_Work instruction_
Transcribe the entries, keeping every character the same.

####

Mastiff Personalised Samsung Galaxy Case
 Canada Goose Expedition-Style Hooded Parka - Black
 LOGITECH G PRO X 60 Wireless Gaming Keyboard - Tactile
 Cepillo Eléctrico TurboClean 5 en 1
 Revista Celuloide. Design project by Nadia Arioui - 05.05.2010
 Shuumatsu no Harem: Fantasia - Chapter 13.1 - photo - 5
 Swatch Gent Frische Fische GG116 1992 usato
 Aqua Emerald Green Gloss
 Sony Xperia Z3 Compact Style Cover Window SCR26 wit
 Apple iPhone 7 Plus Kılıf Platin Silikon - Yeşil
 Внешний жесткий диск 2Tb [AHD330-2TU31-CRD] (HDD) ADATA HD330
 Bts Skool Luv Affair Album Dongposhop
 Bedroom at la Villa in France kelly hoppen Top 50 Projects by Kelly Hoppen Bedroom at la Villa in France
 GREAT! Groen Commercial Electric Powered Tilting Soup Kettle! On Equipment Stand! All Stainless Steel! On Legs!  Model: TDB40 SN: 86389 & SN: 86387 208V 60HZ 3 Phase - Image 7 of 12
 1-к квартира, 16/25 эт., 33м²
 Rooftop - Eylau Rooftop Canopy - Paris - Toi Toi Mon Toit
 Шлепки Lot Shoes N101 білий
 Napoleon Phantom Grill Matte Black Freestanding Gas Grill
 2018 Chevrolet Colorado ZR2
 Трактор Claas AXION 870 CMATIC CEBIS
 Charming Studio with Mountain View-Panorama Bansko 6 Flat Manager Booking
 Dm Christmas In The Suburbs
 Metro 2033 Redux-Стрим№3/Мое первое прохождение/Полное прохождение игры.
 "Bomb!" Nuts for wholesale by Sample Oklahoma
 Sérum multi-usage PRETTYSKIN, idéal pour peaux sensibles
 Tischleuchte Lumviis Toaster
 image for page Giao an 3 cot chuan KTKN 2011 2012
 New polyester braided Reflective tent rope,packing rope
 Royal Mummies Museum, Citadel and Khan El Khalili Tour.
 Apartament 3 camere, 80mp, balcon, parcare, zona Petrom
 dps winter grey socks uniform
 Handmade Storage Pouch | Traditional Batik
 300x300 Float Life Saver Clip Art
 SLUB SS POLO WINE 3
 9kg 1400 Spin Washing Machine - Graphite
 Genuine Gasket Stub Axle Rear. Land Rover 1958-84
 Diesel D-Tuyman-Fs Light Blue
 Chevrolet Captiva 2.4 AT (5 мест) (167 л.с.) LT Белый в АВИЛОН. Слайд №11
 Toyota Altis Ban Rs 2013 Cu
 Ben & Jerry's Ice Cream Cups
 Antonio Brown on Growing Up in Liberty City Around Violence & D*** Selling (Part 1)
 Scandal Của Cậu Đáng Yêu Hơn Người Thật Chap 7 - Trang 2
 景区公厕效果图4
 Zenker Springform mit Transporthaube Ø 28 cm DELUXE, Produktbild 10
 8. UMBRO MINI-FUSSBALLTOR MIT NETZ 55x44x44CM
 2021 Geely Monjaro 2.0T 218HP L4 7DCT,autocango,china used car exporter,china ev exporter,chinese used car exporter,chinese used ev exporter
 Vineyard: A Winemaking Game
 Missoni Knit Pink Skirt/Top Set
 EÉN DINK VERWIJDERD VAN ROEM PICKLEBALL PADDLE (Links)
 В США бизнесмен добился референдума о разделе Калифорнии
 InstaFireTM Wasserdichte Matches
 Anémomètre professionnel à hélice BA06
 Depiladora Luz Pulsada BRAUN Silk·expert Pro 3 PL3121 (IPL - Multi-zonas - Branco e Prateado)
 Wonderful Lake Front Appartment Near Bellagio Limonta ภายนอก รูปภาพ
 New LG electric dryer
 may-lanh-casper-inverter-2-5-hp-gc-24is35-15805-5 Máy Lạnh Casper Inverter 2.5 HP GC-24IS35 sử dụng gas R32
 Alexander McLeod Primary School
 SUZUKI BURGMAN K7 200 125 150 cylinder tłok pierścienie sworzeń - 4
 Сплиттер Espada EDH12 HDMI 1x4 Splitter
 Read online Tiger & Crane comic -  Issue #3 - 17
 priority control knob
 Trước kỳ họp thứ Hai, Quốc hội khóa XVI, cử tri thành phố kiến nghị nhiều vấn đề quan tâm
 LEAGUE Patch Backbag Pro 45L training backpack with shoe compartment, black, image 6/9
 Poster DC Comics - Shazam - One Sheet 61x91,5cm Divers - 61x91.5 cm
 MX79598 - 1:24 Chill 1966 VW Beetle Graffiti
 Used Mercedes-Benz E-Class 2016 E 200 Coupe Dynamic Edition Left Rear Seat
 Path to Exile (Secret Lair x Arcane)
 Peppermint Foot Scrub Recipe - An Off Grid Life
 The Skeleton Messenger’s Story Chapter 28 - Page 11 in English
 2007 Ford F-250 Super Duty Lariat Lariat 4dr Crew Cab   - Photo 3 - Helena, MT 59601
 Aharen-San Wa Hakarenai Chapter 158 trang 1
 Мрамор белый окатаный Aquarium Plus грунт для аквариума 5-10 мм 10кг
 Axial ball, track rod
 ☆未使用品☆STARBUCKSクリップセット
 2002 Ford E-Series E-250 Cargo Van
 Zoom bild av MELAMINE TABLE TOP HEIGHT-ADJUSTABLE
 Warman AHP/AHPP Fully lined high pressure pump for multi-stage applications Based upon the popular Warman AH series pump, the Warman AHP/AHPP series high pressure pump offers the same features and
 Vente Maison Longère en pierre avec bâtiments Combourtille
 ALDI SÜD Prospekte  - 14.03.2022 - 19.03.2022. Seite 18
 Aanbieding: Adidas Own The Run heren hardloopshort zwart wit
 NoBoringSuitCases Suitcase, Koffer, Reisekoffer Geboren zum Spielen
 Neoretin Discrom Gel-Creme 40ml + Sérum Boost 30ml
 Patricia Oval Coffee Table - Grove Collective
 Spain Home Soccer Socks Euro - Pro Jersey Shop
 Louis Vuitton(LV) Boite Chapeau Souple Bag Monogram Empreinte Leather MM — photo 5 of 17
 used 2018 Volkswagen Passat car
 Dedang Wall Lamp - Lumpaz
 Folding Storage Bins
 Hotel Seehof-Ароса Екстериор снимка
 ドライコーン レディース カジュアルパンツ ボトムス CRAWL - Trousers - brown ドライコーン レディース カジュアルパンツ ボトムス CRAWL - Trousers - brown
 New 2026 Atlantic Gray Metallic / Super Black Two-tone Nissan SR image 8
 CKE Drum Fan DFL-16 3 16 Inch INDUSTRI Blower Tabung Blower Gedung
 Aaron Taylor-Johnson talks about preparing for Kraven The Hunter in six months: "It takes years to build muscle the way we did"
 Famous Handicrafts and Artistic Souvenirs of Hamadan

####

_Output_
Mastiff Personalised Samsung Galaxy Case
 Canada Goose Expedition-Style Hooded Parka - Black
 LOGITECH G PRO X 60 Wireless Gaming Keyboard - Tactile
 Cepillo Eléctrico TurboClean 5 en 1
 Revista Celuloide. Design project by Nadia Arioui - 05.05.2010
 Shuumatsu no Harem: Fantasia - Chapter 13.1 - photo - 5
 Swatch Gent Frische Fische GG116 1992 usato
 Aqua Emerald Green Gloss
 Sony Xperia Z3 Compact Style Cover Window SCR26 wit
 Apple iPhone 7 Plus Kılıf Platin Silikon - Yeşil
 Внешний жесткий диск 2Tb [AHD330-2TU31-CRD] (HDD) ADATA HD330
 Bts Skool Luv Affair Album Dongposhop
 Bedroom at la Villa in France kelly hoppen Top 50 Projects by Kelly Hoppen Bedroom at la Villa in France
 GREAT! Groen Commercial Electric Powered Tilting Soup Kettle! On Equipment Stand! All Stainless Steel! On Legs!  Model: TDB40 SN: 86389 & SN: 86387 208V 60HZ 3 Phase - Image 7 of 12
 1-к квартира, 16/25 эт., 33м²
 Rooftop - Eylau Rooftop Canopy - Paris - Toi Toi Mon Toit
 Шлепки Lot Shoes N101 білий
 Napoleon Phantom Grill Matte Black Freestanding Gas Grill
 2018 Chevrolet Colorado ZR2
 Трактор Claas AXION 870 CMATIC CEBIS
 Charming Studio with Mountain View-Panorama Bansko 6 Flat Manager Booking
 Dm Christmas In The Suburbs
 Metro 2033 Redux-Стрим№3/Мое первое прохождение/Полное прохождение игры.
 "Bomb!" Nuts for wholesale by Sample Oklahoma
 Sérum multi-usage PRETTYSKIN, idéal pour peaux sensibles
 Tischleuchte Lumviis Toaster
 image for page Giao an 3 cot chuan KTKN 2011 2012
 New polyester braided Reflective tent rope,packing rope
 Royal Mummies Museum, Citadel and Khan El Khalili Tour.
 Apartament 3 camere, 80mp, balcon, parcare, zona Petrom
 dps winter grey socks uniform
 Handmade Storage Pouch | Traditional Batik
 300x300 Float Life Saver Clip Art
 SLUB SS POLO WINE 3
 9kg 1400 Spin Washing Machine - Graphite
 Genuine Gasket Stub Axle Rear. Land Rover 1958-84
 Diesel D-Tuyman-Fs Light Blue
 Chevrolet Captiva 2.4 AT (5 мест) (167 л.с.) LT Белый в АВИЛОН. Слайд №11
 Toyota Altis Ban Rs 2013 Cu
 Ben & Jerry's Ice Cream Cups
 Antonio Brown on Growing Up in Liberty City Around Violence & D*** Selling (Part 1)
 Scandal Của Cậu Đáng Yêu Hơn Người Thật Chap 7 - Trang 2
 景区公厕效果图4
 Zenker Springform mit Transporthaube Ø 28 cm DELUXE, Produktbild 10
 8. UMBRO MINI-FUSSBALLTOR MIT NETZ 55x44x44CM
 2021 Geely Monjaro 2.0T 218HP L4 7DCT,autocango,china used car exporter,china ev exporter,chinese used car exporter,chinese used ev exporter
 Vineyard: A Winemaking Game
 Missoni Knit Pink Skirt/Top Set
 EÉN DINK VERWIJDERD VAN ROEM PICKLEBALL PADDLE (Links)
 В США бизнесмен добился референдума о разделе Калифорнии
 InstaFireTM Wasserdichte Matches
 Anémomètre professionnel à hélice BA06
 Depiladora Luz Pulsada BRAUN Silk·expert Pro 3 PL3121 (IPL - Multi-zonas - Branco e Prateado)
 Wonderful Lake Front Appartment Near Bellagio Limonta ภายนอก รูปภาพ
 New LG electric dryer
 may-lanh-casper-inverter-2-5-hp-gc-24is35-15805-5 Máy Lạnh Casper Inverter 2.5 HP GC-24IS35 sử dụng gas R32
 Alexander McLeod Primary School
 SUZUKI BURGMAN K7 200 125 150 cylinder tłok pierścienie sworzeń - 4
 Сплиттер Espada EDH12 HDMI 1x4 Splitter
 Read online Tiger & Crane comic -  Issue #3 - 17
 priority control knob
 Trước kỳ họp thứ Hai, Quốc hội khóa XVI, cử tri thành phố kiến nghị nhiều vấn đề quan tâm
 LEAGUE Patch Backbag Pro 45L training backpack with shoe compartment, black, image 6/9
 Poster DC Comics - Shazam - One Sheet 61x91,5cm Divers - 61x91.5 cm
 MX79598 - 1:24 Chill 1966 VW Beetle Graffiti
 Used Mercedes-Benz E-Class 2016 E 200 Coupe Dynamic Edition Left Rear Seat
 Path to Exile (Secret Lair x Arcane)
 Peppermint Foot Scrub Recipe - An Off Grid Life
 The Skeleton Messenger’s Story Chapter 28 - Page 11 in English
 2007 Ford F-250 Super Duty Lariat Lariat 4dr Crew Cab   - Photo 3 - Helena, MT 59601
 Aharen-San Wa Hakarenai Chapter 158 trang 1
 Мрамор белый окатаный Aquarium Plus грунт для аквариума 5-10 мм 10кг
 Axial ball, track rod
 ☆未使用品☆STARBUCKSクリップセット
 2002 Ford E-Series E-250 Cargo Van
 Zoom bild av MELAMINE TABLE TOP HEIGHT-ADJUSTABLE
 Warman AHP/AHPP Fully lined high pressure pump for multi-stage applications Based upon the popular Warman AH series pump, the Warman AHP/AHPP series high pressure pump offers the same features and
 Vente Maison Longère en pierre avec bâtiments Combourtille
 ALDI SÜD Prospekte  - 14.03.2022 - 19.03.2022. Seite 18
 Aanbieding: Adidas Own The Run heren hardloopshort zwart wit
 NoBoringSuitCases Suitcase, Koffer, Reisekoffer Geboren zum Spielen
 Neoretin Discrom Gel-Creme 40ml + Sérum Boost 30ml
 Patricia Oval Coffee Table - Grove Collective
 Spain Home Soccer Socks Euro - Pro Jersey Shop
 Louis Vuitton(LV) Boite Chapeau Souple Bag Monogram Empreinte Leather MM — photo 5 of 17
 used 2018 Volkswagen Passat car
 Dedang Wall Lamp - Lumpaz
 Folding Storage Bins
 Hotel Seehof-Ароса Екстериор снимка
 ドライコーン レディース カジュアルパンツ ボトムス CRAWL - Trousers - brown ドライコーン レディース カジュアルパンツ ボトムス CRAWL - Trousers - brown
 New 2026 Atlantic Gray Metallic / Super Black Two-tone Nissan SR image 8
 CKE Drum Fan DFL-16 3 16 Inch INDUSTRI Blower Tabung Blower Gedung
 Aaron Taylor-Johnson talks about preparing for Kraven The Hunter in six months: "It takes years to build muscle the way we did"
 Famous Handicrafts and Artistic Souvenirs of Hamadan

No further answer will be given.